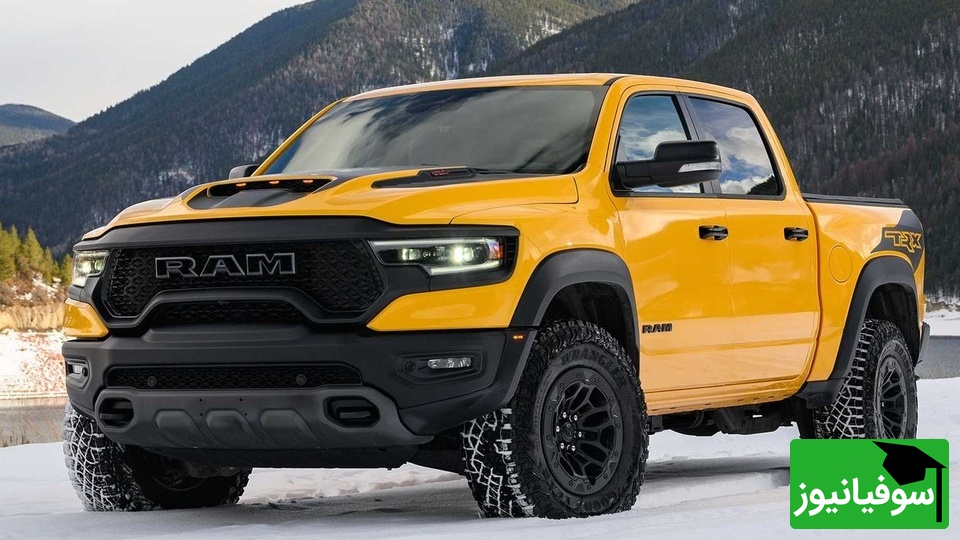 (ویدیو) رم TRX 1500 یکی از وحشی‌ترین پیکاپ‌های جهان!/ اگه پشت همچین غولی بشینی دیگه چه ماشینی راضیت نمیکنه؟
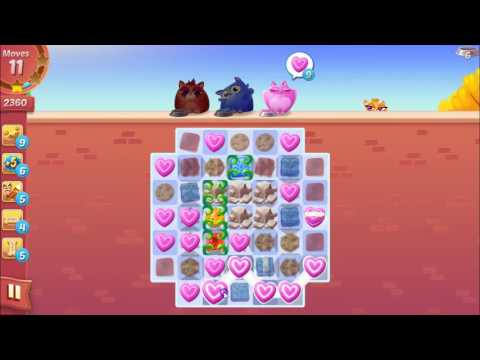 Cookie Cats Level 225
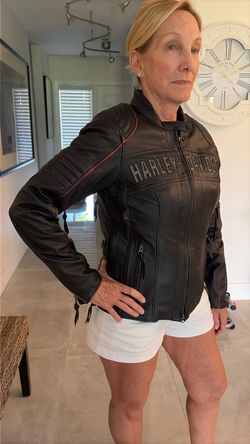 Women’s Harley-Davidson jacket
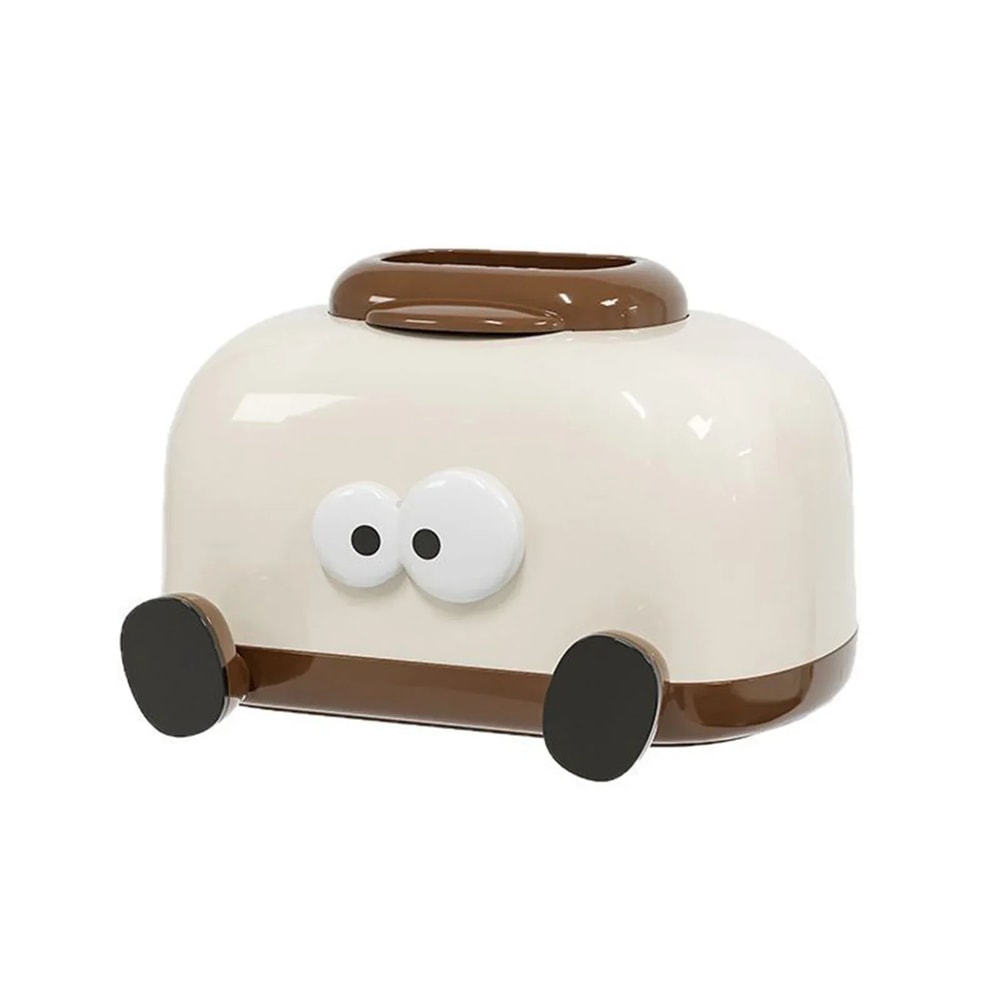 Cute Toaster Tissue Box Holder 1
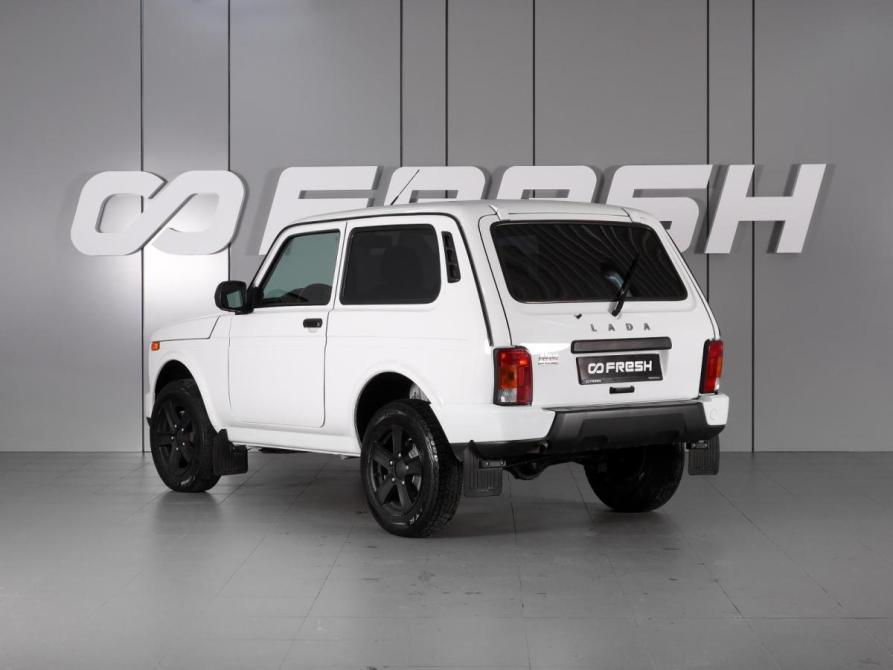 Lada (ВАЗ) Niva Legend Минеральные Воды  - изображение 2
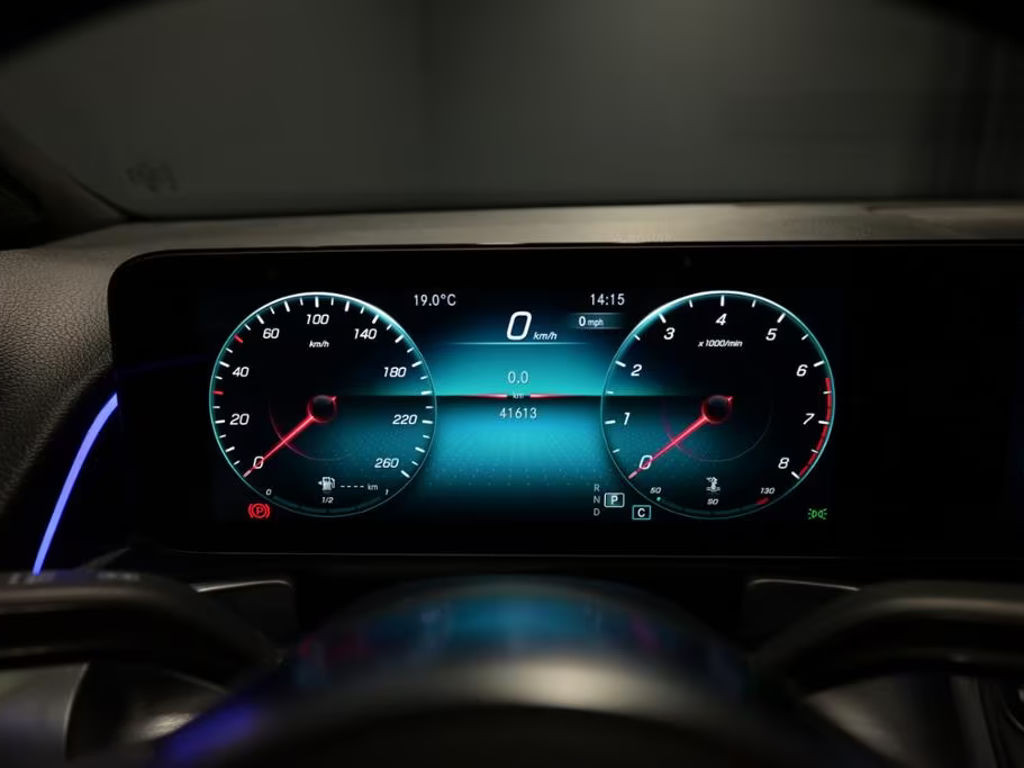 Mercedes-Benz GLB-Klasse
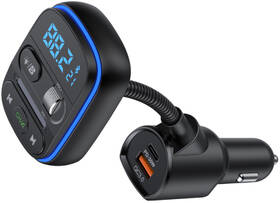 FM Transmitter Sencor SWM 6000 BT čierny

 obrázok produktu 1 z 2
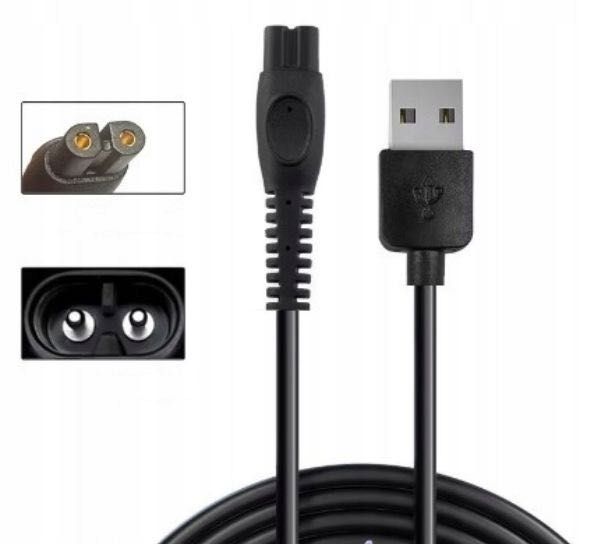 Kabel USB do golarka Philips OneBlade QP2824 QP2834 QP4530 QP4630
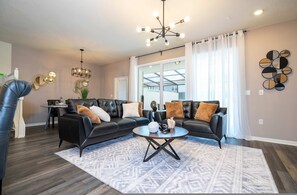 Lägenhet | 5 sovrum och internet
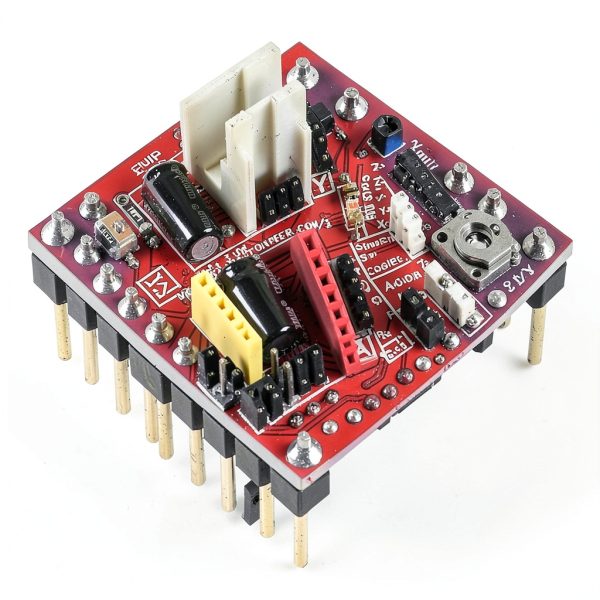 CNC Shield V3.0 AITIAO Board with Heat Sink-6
# # # # #
### [Work required]
Each entry above should be returned exactly as written, minus its pictures.

### [Task solution]
 (ویدیو) رم TRX 1500 یکی از وحشی‌ترین پیکاپ‌های جهان!/ اگه پشت همچین غولی بشینی دیگه چه ماشینی راضیت نمیکنه؟
 Cookie Cats Level 225
 Women’s Harley-Davidson jacket
 Cute Toaster Tissue Box Holder 1
 Lada (ВАЗ) Niva Legend Минеральные Воды  - изображение 2
 Mercedes-Benz GLB-Klasse
 FM Transmitter Sencor SWM 6000 BT čierny

 obrázok produktu 1 z 2
 Kabel USB do golarka Philips OneBlade QP2824 QP2834 QP4530 QP4630
 Lägenhet | 5 sovrum och internet
 CNC Shield V3.0 AITIAO Board with Heat Sink-6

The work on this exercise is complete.